October 15 is observed as Pregnancy and Infant Loss Remembrance Day across the world to help the families who had miscarriages or lost their babies in any other way heal their wounds.
Losing a child can be one of the worst things that can happen to a family. Even though the pain a family feels is unique, it can be shared instead of suffering in silence, which is why October 15 is observed as Pregnancy and Infant Loss Remembrance Day across the world.
There are many families who have lost a child through pregnancy loss and infant death, which includes, but is not limited to, miscarriage, stillbirth, SIDS, and the death of a newborn. In fact, at least one in 10 of known pregnancies end in miscarriage, according to estimates from the American College of Obstetricians and Gynecologists and the Mayo Clinic. Yet, people believe that miscarriage is not common, leaving them feeling alone when it happens.
Gradually, communities are coming together to remember their lost little ones because they believe that even though they were miscarriages or were born still, or were lost in any other way, they deserve to be acknowledged. The grief they feel as parents and as a family is easier when they are allowed to express the pain and trauma of losing their child.

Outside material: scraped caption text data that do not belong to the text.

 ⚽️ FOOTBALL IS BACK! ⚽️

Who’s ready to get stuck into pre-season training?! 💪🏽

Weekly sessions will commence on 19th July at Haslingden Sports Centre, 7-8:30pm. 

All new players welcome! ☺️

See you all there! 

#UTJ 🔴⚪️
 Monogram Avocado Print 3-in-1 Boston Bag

Whether people observe the day privately or as part of a community there are many ways to show support. From candlelight vigils to walks and other ceremonies, people come together to share their heartbreak together.

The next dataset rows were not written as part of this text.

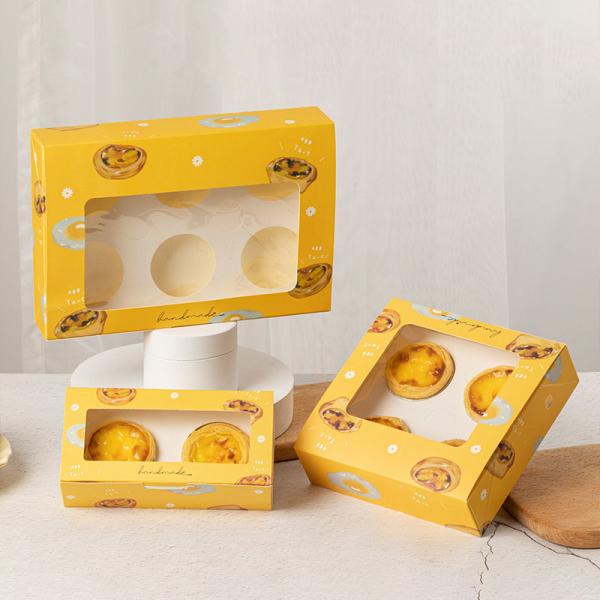 Caixa de empacotamento personalizada da galdéria do ovo de cozimento caixa ocidental de papel descartável da pastelaria de 4 partes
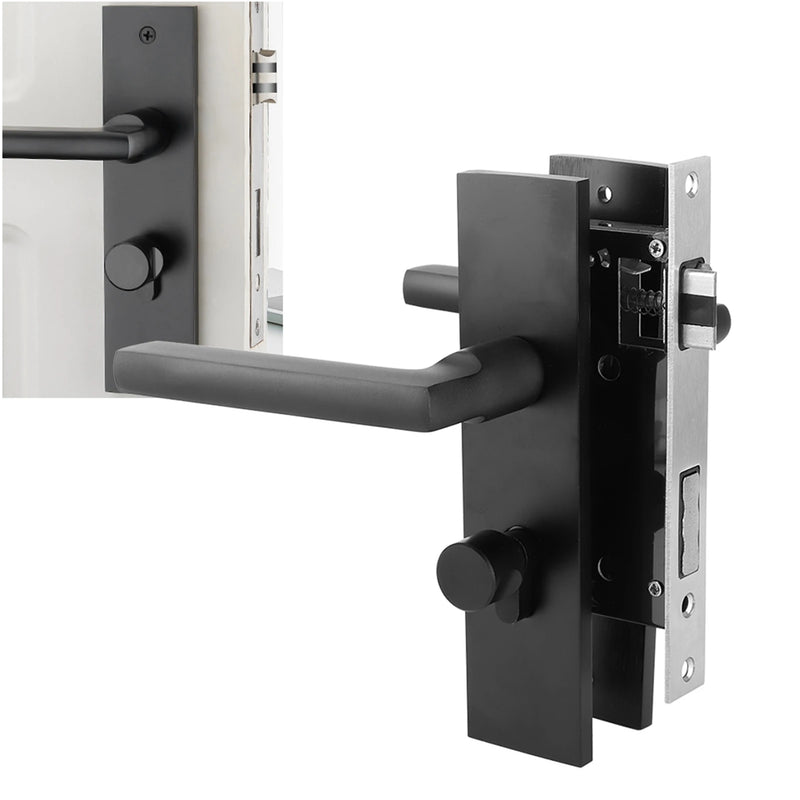 Poignée de Porte de Chambre à Clé sur Plaque Noire, 3 Clés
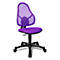 Siège de bureau pivotant pour enfants Open Art Junior, sans accoudoirs, assise galbée, dossier en filet, violet/noir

A woman in California went viral last year after a photoshoot showing her seven angel babies, referred to children who were taken too soon. For a family photo, they posed with their two children while also showing seven shadowy outlines of young children.
"I felt empty inside. I remember reaching out to some girlfriends. To my surprise, their reaction wasn't what I was hoping for. I left feeling more empty and unsupported," she wrote on her blog, Billings Clan.
October 15 is meant to ensure that the pain felt by these mothers, fathers, and families do not go unheard. It has been observed since October 1988, when President Ronald Reagan designated October as Pregnancy and Infant Loss Awareness Month, according to National Day Calendar.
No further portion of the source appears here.